Oui, pendant les répétitions, mais curieusement aussi dans les moments où le travail est au repos et intériorisé. Les scènes continuent de se développer. Il faut faire confiance à ce processus, même si l'on ne peut pas prévoir ce qui se transforme intérieurement. Il n’y a pas de certitude.

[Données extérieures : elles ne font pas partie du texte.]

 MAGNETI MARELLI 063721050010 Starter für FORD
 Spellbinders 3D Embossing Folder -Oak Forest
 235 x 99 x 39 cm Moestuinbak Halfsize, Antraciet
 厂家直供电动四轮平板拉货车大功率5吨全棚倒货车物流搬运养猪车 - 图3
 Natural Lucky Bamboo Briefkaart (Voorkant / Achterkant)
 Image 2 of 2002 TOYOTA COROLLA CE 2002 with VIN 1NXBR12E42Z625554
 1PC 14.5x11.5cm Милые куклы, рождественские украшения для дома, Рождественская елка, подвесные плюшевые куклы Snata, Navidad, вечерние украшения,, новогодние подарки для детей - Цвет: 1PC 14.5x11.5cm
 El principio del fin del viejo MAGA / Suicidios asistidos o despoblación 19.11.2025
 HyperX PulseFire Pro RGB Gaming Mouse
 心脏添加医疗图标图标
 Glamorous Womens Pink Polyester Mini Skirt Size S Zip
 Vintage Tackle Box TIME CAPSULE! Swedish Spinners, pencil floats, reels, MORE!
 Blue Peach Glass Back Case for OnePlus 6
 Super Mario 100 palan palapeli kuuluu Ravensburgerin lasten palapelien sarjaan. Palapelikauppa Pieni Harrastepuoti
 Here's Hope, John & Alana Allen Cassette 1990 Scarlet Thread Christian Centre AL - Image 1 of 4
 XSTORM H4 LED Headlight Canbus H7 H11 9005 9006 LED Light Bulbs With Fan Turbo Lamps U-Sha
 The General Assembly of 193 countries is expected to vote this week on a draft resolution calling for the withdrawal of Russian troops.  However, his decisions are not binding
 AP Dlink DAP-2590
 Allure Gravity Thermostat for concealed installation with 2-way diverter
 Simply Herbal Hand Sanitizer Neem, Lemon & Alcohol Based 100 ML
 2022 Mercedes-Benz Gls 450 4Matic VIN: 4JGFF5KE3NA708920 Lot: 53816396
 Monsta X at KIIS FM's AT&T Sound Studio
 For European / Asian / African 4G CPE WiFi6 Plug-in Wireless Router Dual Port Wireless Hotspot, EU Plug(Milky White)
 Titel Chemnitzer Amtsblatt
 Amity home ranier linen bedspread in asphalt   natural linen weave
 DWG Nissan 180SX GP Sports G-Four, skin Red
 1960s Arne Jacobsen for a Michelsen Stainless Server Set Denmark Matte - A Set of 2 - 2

Qu’est-ce qui te donne confiance ?

Il m’arrive, moi-même, d’être un peu perplexe : d’où vient ce socle sur lequel nous nous tenons ? Par moments, les questions et les défis de cette mise en scène fleuve (neuf heures de théâtre) semblent s’accumuler à l’infini : ici, quelque chose manque ; là, un élément fait défaut. Mais je crois que la confiance naît de deux sources. D’abord, de ce que chaque acteur, chaque actrice porte en soi : un véritable trésor intérieur. Et puis, du Faust de Goethe lui-même, de cette œuvre immense qui nous soutient, nous élève. Nous ne partons d’ailleurs pas de rien : cette nouvelle distribution s’appuie sur la mise en scène de 2020, qui nous sert de fondement vivant.

Quelque chose donne donc confiance, et le travail d’ensemble, lui, consiste justement à se donner mutuellement confiance, n’est-ce pas ?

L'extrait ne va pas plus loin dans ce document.